Post subject: Italian customs find $134 billion in suitcase
Posted: Mon Jun 15, 2009 10:16 pm
Former PJ Drummer
Joined: Fri Sep 15, 2006 11:00 am Posts: 16093 Location: dublin Gender: Male
Customs Finds $134 Billion in a Suitcase
It is either the biggest smuggling operation in history -- or a fraud of equally impressive proportions. Italian customs officials stopped two men at the Swiss border carrying bonds worth $134 billion (95.8 billion euros). Italian customs officers on the Swiss border often stop smugglers -- but not of this scale. Two Japanese citizens have been detained by Italian police in Chiasso on the Swiss-Italian border after being found with $134 billion of US bonds hidden in the base of their suitcase, according to a press statement by the Italian Guardia di Finanza.

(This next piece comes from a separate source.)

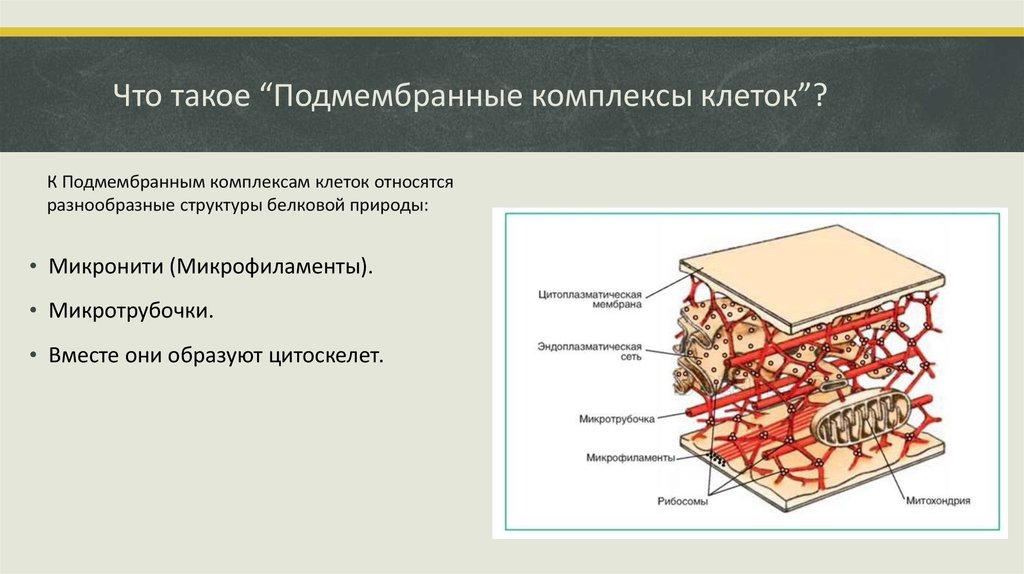 Что находится между слоями клеток. Подмембранный комплекс строение и функции. Под мембраный комплекс. Надмембранный комплекс эукариотической клетки строение. Подмембранные структуры.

Guardia di Finanza: Bonanza find. The two men, reported to be more than 50 years old, were traveling by train from Italy to Switzerland on June 3. Financial police at a control on the border found the documents tucked inside a closed section at the bottom of their suitcase, separate from their personal items. According to their statement, the men's luggage included 249 government bonds worth $500 million and 10 so-called Kennedy bonds, each worth a billion dollars.
But details of the case remain unclear: The Japanese embassy in Rome confirmed the arrest of the two men but the news agency Bloomberg reported on Friday that it was not yet established whether they were Japanese citizens.
It yet to be seen whether this is the biggest smuggling scandal in history -- or a massive fraud. Italian officials said they were still checking the authenticity of the bonds.
But should the bonds, or at least some of them, turn out to be real, the men will face a significant penalty. In Europe it is illegal to transport more than €10,000 across borders without notifying customs.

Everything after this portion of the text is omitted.